Dees Stribling, Contributing Editor
Washington, D.C.–Housing starts edged upward unexpectedly in September, according to the U.S. Census Bureau and HUD this week, but the expansion was led by the development of single-family houses rather than multifamily properties, which tend to exhibit more month-to-month volatility in any case. All together, privately owned housing starts in September were at an annualized rate of 610,000, a 0.3 percent increase over the revised August estimate and 4.1 percent more than the September 2009 rate of 586,000.
Multifamily (five or more units) starts in September were at an annualized rate of 150,000 units, a 6.8 percent drop compared with August. But compared with the same month in 2009, the September 2010 rate represents a 114.3 percent increase. New multifamily construction was at an annualized rate of 70,000 units a year ago, and through the end of 2009 and 2010 never rose above 100,000 units until April 2010. So for August has been the most robust month for U.S. multifamily development in 2010.
The issuance of building permits for multifamily construction, a leading indicator for the industry, likewise dropped in September compared with August, from an annualized rate of permits for 150,000 units to 110,000, a decline of 26 percent.
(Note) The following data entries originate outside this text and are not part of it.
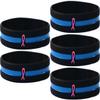 5 Pink Ribbon Wristbands with The Thin Blue Line view 1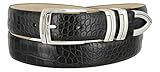 Harbor Men's Italian Genuine Calfskin Leather Designer Dress Belt
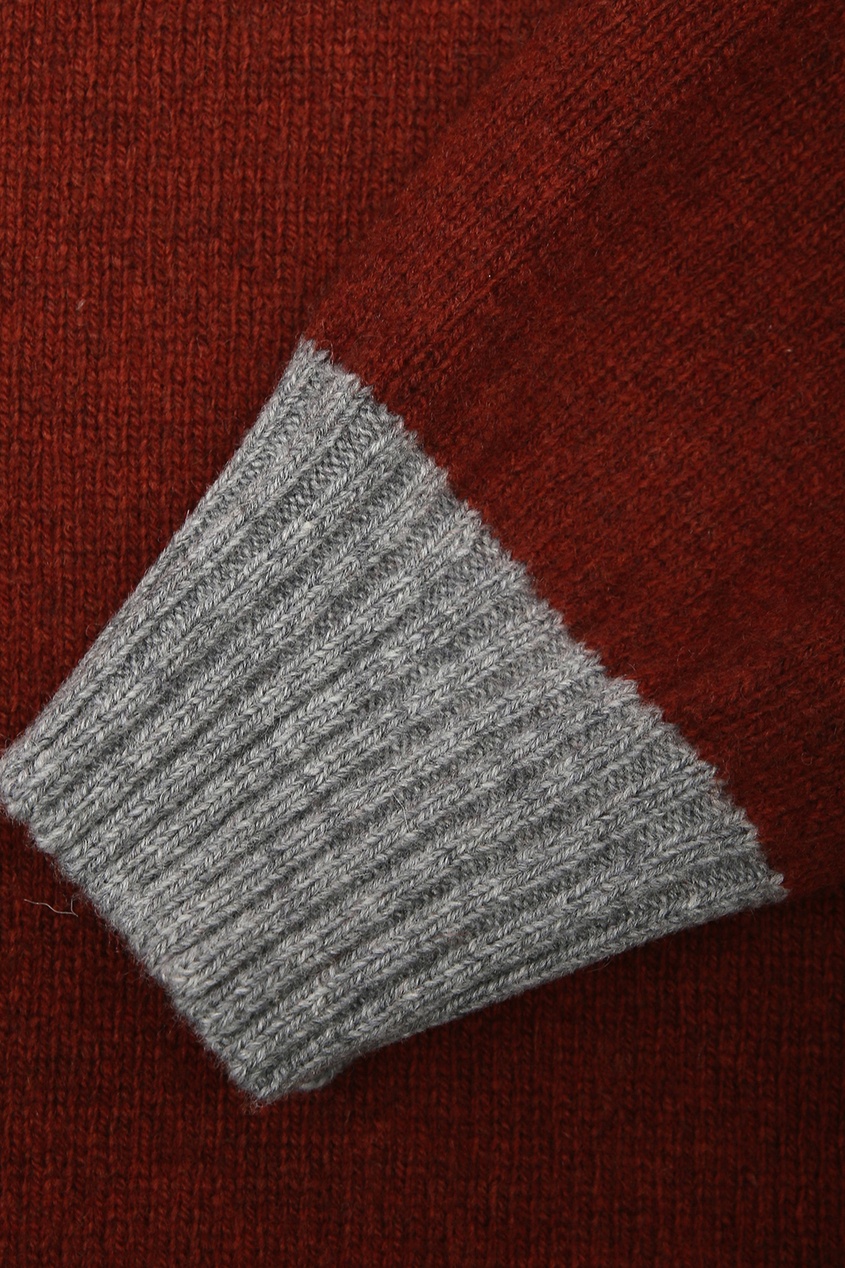 фото Коричневый свитер на молнии Della ciana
Compared with September 2009, however, permitting dropped only 0.9 percent.
The numbers seem to indicate some interest in multifamily development, but perhaps not as much as would be expected, considering that rents and occupancies have both started to rise, and that demographics favor increase demand for apartments in the coming years. “Multifamily housing starts have rebounded significantly from the recession-induced lows of last fall and winter, but they’re only at half the average level for the 1997 to 2007 period,” Mark Obrinsky, chief economist and vice president of research of the National Multi Housing Council, tells MHN.
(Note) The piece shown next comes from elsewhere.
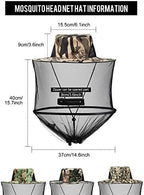 Satinior mosquito hat showcasing the face zipper mechanism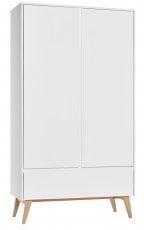 Garderobna omara Swing - bela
“Tighter apartment market conditions has led to greater development in some regions, but in much of the country replacement costs remain higher than sales prices,” Obrinsky continues. “That, along with still-tight debt finance, has kept new construction below the level needed to keep pace with the expected demand increase over the next five to 10 years.”
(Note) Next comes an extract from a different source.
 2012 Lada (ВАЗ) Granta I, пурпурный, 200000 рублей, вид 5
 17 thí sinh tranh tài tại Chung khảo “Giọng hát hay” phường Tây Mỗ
Keegan J. Bonebrake, managing director of the Chicago-based Borne Co., a multifamily specialist, generally agrees with that assessment. “The correlation between starts and confidence should be strong, yet as a provider of multifamily services to all layers of the capital stack, we see investment and corresponding development activity controlled by a fraction of the sector,” he tells MHN. “Although we have seen an increase in demand from capital sources, the actual number of completed transactions is still limited by the disconnect between buyers, sellers and funding sources.”